To: The Black Swan who wrote (14741) 5/15/2011 1:21:45 PM
From: admirable_ponokee Read Replies (1) of 14745

Natural Resources Canada wins Code of Silence Award from journalists

(The Canadian Press) – 4 hours ago

OTTAWA — Natural Resources Canada has the dubious honour of being this year's winner of the Code of Silence Award from the Canadian Association of Journalists.

The award is meant to shine an annoying light on the most clandestine government department.

Natural Resources gets the crown this year for muzzling an internationally-known Canadian geologist.

Scott Dallimore was kept from speaking about his work on the breaking of a prehistoric ice dam 13,000 years ago until vetted "media lines" could be approved by the minister's office.

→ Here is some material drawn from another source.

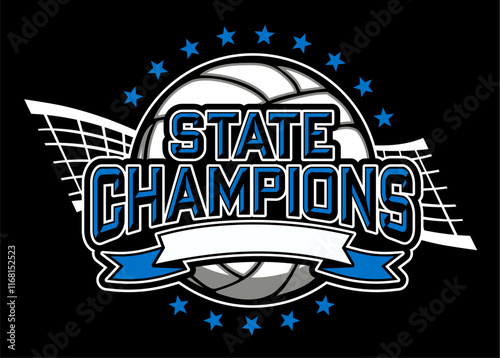 state champions in volleyball team design with ball and banner for school, college or league sports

Dallimore co-authored a study on the ice dam that was published in the journal Nature.

Journalists in Canada facing deadlines had to interview British scientists lauding Dallimore's groundbreaking study while federal bureaucrats fretted about the implications of an unscripted interview.

It took a full week for him to get ministerial approval for media interviews, by which time his international co-authors were widely interviewed.

The case resonated with editorial writers and was held up internationally as evidence of the Harper government's obsession with message control.

"What could be so secret about a 13,000-year-old ice dam that merits muzzling a top Canadian scientist?" said CAJ president Mary Agnes Welch."

"Some ice ages apparently haven't ended."

The winner was announced at the CAJ's annual awards gala and national conference in Ottawa on Saturday night.

Prime Minister Stephen Harper was named a nominee for the award for his continued vise-grip on the public's right to know.

Last year's Code of Silence winner was the Toronto Police Service.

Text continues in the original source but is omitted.